Julie Klausner (BSS #330)

Julie Klausner is most recently the author of I Don’t Care About Your Band

Condition of Mr. Segundo: Dodging dubious-minded vegans.

Author: Julie Klausner

Subjects Discussed: Terms for imposing snow, submitting a story to the New York Times‘s “Modern Love” section, the rejected “Modern Love” column, writing a book without any specific disciplinary pattern, crossing off bad dates from a to-do list, traveling to meet a man in order to write about it, people contacting the writer after being written about, Kevin Sampsell, people who leave passive-aggressive notes on Facebook walls, relationship miscarriages, the Muppets, the Kermit/Miss Piggy relationship as bromance, Mia Farrow starving herself on YouTube, human archetypes within vaudeville, Charles Grodin, having a crush on John Laroquette, decaying men, boyish hunks propped up as romantic men, the problems with youth culture, men who catalog their musical tastes vs. Klausner’s taxonomy of male types, negotiating life with behavioral cues, ridiculing people after being hurt, identifying guilt and regret, Klausner’s “first real boyfriend” and being asked to “turn down the glamor,” gender relations in comedy, chick lit, Jennifer Weiner, Sex and the City, women portrayed as “shallow shoe hookers,” being the odd one out in a male-dominated workplace, Pam vs. Dawn from The Office, The Comeback, the failure by comedy writers to give female characters enough humor and assertion, sex with crazy people, rational palpitations of the ventricles, the male body being “funny like a monkey is funny,” and women who love scrotums.

EXCERPT FROM SHOW:

Correspondent: I actually wanted to ask you of your keen interest in the Muppets.

Klausner: Yes.

Correspondent: You know, I was very interested in this. You have a great affinity for Miss Piggy.

Klausner: Yes.

Correspondent: But you have a problem with the Miss Piggy-Kermit wedding — particularly the line, “What better way could anything end. Hand in hand with a friend.” You insist that this represents Kermit’s preference for guys, or going out with the guys, instead of having a commitment.

Klausner: Sort of. Or that he, in other words, how he feels about her deep in his heart is almost like how he feels about Fozzy.

Correspondent: Yeah, but…

Klausner: That she’s a friend of his more than anything else. And that she’s not special, I guess.

Correspondent: But you’ve developed an entire theory about your life based off of this. And this caused me some confusion.

Klausner: It’s normal, right?

Correspondent: Well, well, I mean, I want to just poke holes in this.

Klausner: Sure.
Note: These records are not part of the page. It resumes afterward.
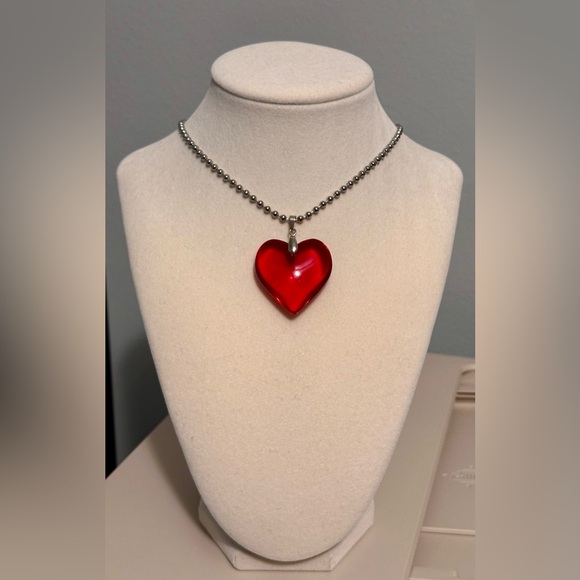 Red Crystal Heart Pendant Necklace Large Glass Heart Shaped Chunky 3D New Beaded - Picture 5 of 9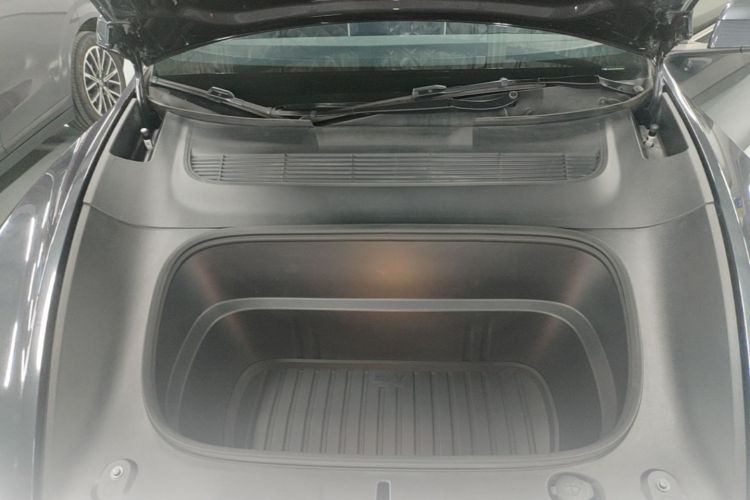 Tesla Model Y 2025 #20 Tesla Model Y 2025 car image #20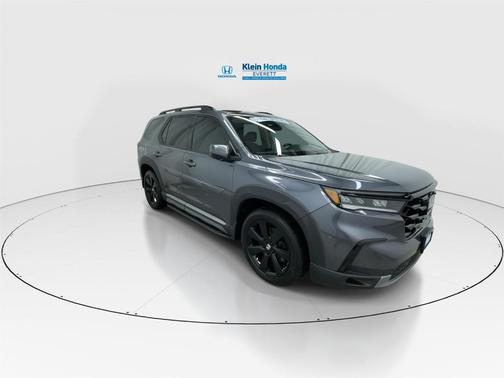 Modern Steel Metallic 2023 Honda Pilot Elite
Poke away.

Correspondent: First of all, you have Miss Piggy voiced in a high-pitched tenor by Frank Oz.

Klausner: Frank Oz. The great, the great Frank Oz.

Correspondent: Yes. And Kermit the Frog by Jim Henson.

Klausner: M’hmm. Rest in peace.

Correspondent: Depending upon how obsessive a Muppets fan you talk to, it’s kind of a bromance thing more than a romance thing.

Klausner: Interesting. Interesting.

Correspondent: So therefore your whole childhood theory may very well be….

Klausner: About a man in drag.

Correspondent: …despoiled by what was going on underneath the Muppets.

Klausner: That’s interesting. So let me ask you this. Do you think of Miss Piggy as a man in drag? Or do you think of her as a lady?

Correspondent: I think of her as a wonderfully poly-gender, polysexual queen.

Klausner: That’s a beautiful answer!

Correspondent: But I’m just wondering if this had occurred to you. Because you’ve seen The Muppet Movie so many times.

Klausner: Oh my god. I love the Muppets. And I’m a huge fan of the Muppets. And my interpretation of the relationship between Kermit and Miss Piggy is — I mean, it’s obviously cheeky. I’m not going to go around and be like, “Children shouldn’t watch this filth! It’s going to give them bad ideas!” But I remember identifying with their relationship as being very — it resembled a lot of the dating experiences that I had. Which is that I was always chasing this sort of skinny guy that was more interested in his friends and his projects and his band or his show than me. And it’s interesting this way to think of Miss Piggy as a drag queen. As Frank Oz. Because drag queens are sort of hyperfeminine in that glamorous jewelry and perfume. And fabulous performers. And all of it.

Correspondent: I’ve seen that karate chop deployed in the Castro.

Klausner: I’m sure you have. And you know what? I don’t even know where the target was. But it was probably well deserved.